Excessive high server load during backup, server unresponsive

George Michalopoulos

Active Member
Mar 19, 2018
27
9
43
62
hello all,

the title says them all.
during backup, i have excessive high server load which makes the server unresponsive.
server is new in Hetzner, backup goes to a storage box.
tried ztsd, lzo, even none, the same..

these are two screenshots from Zabbix, which i use to monitor the server.
 

Attachments

  • Screenshot 2024-05-14 at 5.14.49 PM.png
    Screenshot 2024-05-14 at 5.14.49 PM.png
    44.2 KB · Views: 16
  • Screenshot 2024-05-14 at 5.14.59 PM.png
    Screenshot 2024-05-14 at 5.14.59 PM.png
    60.7 KB · Views: 16
i installed the server yesterday, it's decent, but i cannot take backups..
it has 2 NVME 1tb in mirror and a 6Tb hard disk..
storage box is attached via cifs
 

Attachments

  • Screenshot 2024-05-14 at 5.24.07 PM.png
    Screenshot 2024-05-14 at 5.24.07 PM.png
    55.1 KB · Views: 10
Your graph indicates high IO wait time:

I/O wait time is a metric used to measure the amount of time the CPU waits for disk I/O operations to complete. A high I/O wait time indicates an idle CPU and outstanding I/O requests—while it might not make a system unhealthy, it will limit the performance of the CPU.

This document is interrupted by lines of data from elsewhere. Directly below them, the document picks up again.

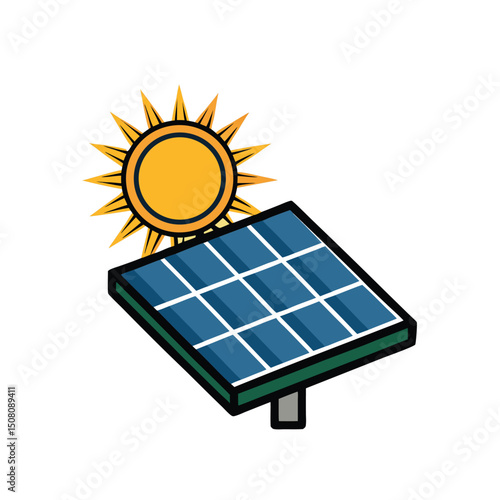 solar panel with solar panels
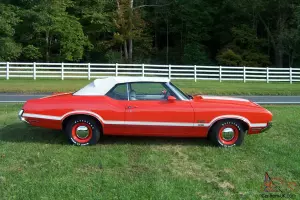 1970 Oldsmobile W30 442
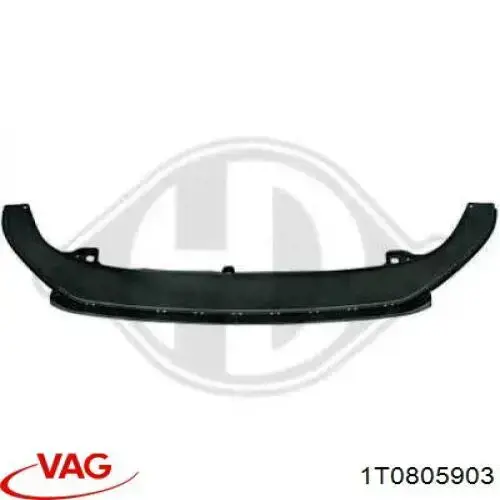 Alerón parachoques delantero VAG 1T0805903 precio, desde 60,88 EUR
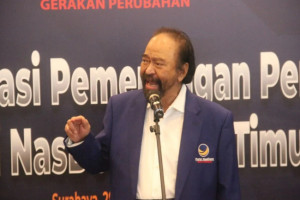 Soal Kemungkinan PKS  Bergabung Dengan Pemerintahan Prabowo-Gibran, Surya Paloh : Semua Baik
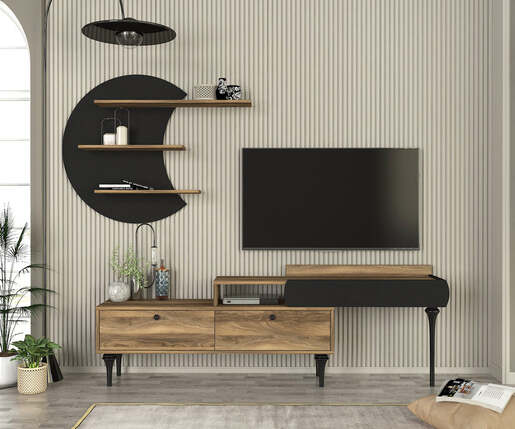 Padre tv komoda orah-crna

The CPU’s I/O wait signifies that while no processes were in a runnable state, at least one I/O operation was in progress. In simple terms, I/O wait is the time spent by the CPU waiting for I/O completion.

I/O wait simply indicates the state of the CPU or CPU cores. High I/O wait means the CPU is outstanding on requests, but a further investigation is needed to confirm the source and effect.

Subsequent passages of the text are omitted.